If you’ve ever spilled gasoline, you’ve noticed that gasoline evaporates relatively easily. Back in the days before strict emissions regulations, these evaporative emissions were vented into the atmosphere through vented gas caps. Nowadays, the evaporative control system (known as just the “evap” system) prohibits this from happening; the goal of the evap system is to trap and store these emissions. With all gas caps now being sealed and no longer vented, the gasoline vapors travel from the fuel tank through a charcoal canister, which traps the vapors. Once the car is started, vacuum power sucks these fumes from the charcoal and into the engine to be combusted. This whole system is controlled with a purge valve. The evap system is one of many reasons why today’s cars have a better gas mileage than the cars from the 1960’s and before.

The following is a mockup of the entire EVAP system, borrowed from aa1car.com:

The Air Pump

No internal combustion engine is truly 100% efficient. If you happen to find one that is, slap some patents on it and prepare to become a billionaire. Until then, there will always be unburned fuel in the exhaust. To eliminate this problem, they introduced an air pump into the equation. Introducing oxygen to the unburned fuel will create combustion, reducing excessive emissions. It produces no additional power, but in times where there is a greater amount of fuel in the exhaust than normal (such as deceleration), explosions that sound like popping will occur. At this point, the air pump uses a diverter valve to divert the introduced air away from the exhaust manifold, decreasing the likelihood of these popping sounds.

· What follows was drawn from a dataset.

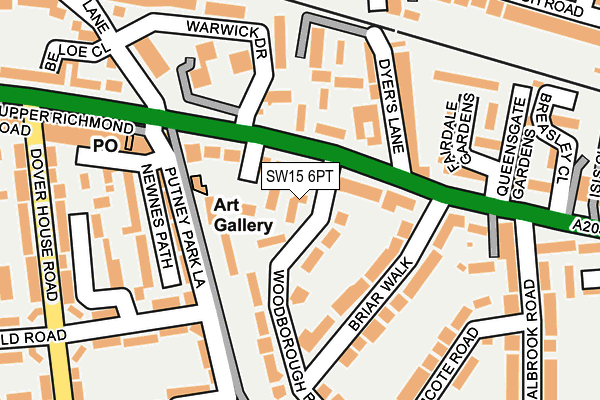 SW15 6PT map - OS OpenMap – Local (Ordnance Survey)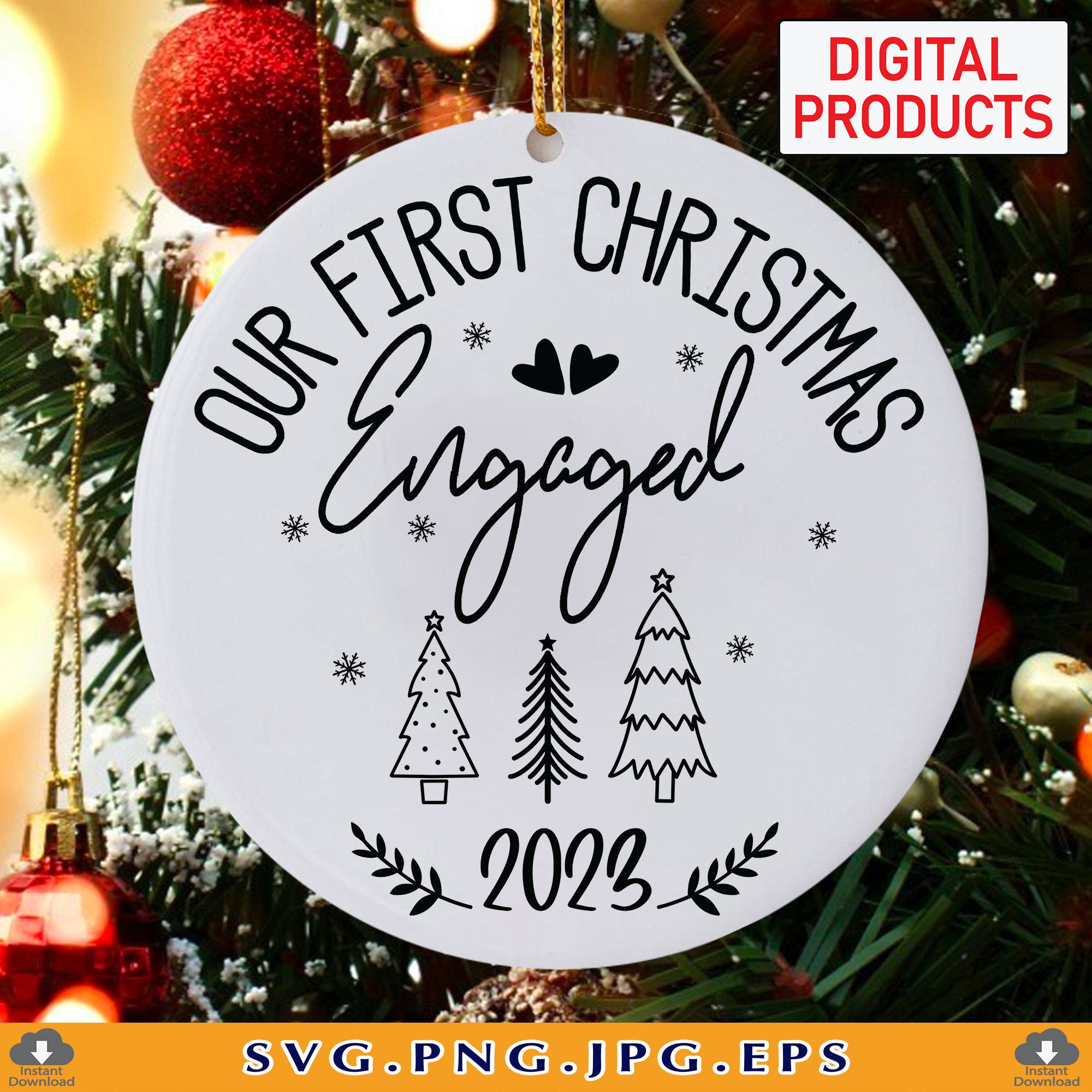 Our First Christmas Engaged 2023 SVG, Couples Christmas Gift SVG, Christmas Engagement Decor Ornament SVG, files for Cricut, Svg, Png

The following picture of an air pump is borrowed from urotuning.com:

Issues That Can Arise with Emission and Exhaust Systems

Exposure to the environment can cause every car’s best friend, rust. If this rust continues to build up over time, it can cause the exhaust piping to become brittle and start breaking apart, forming holes. These holes can divert the exhaust out into the air before it passes the muffler or the resonator, creating a very loud exhaust note that is easily noticeable. This may also increase the amount of pollutants entering the atmosphere. The same problem can happen with the headers, as well. The closer to the engine that a hole appears in the exhaust, the more noise-deadening it skips and the louder it will sound.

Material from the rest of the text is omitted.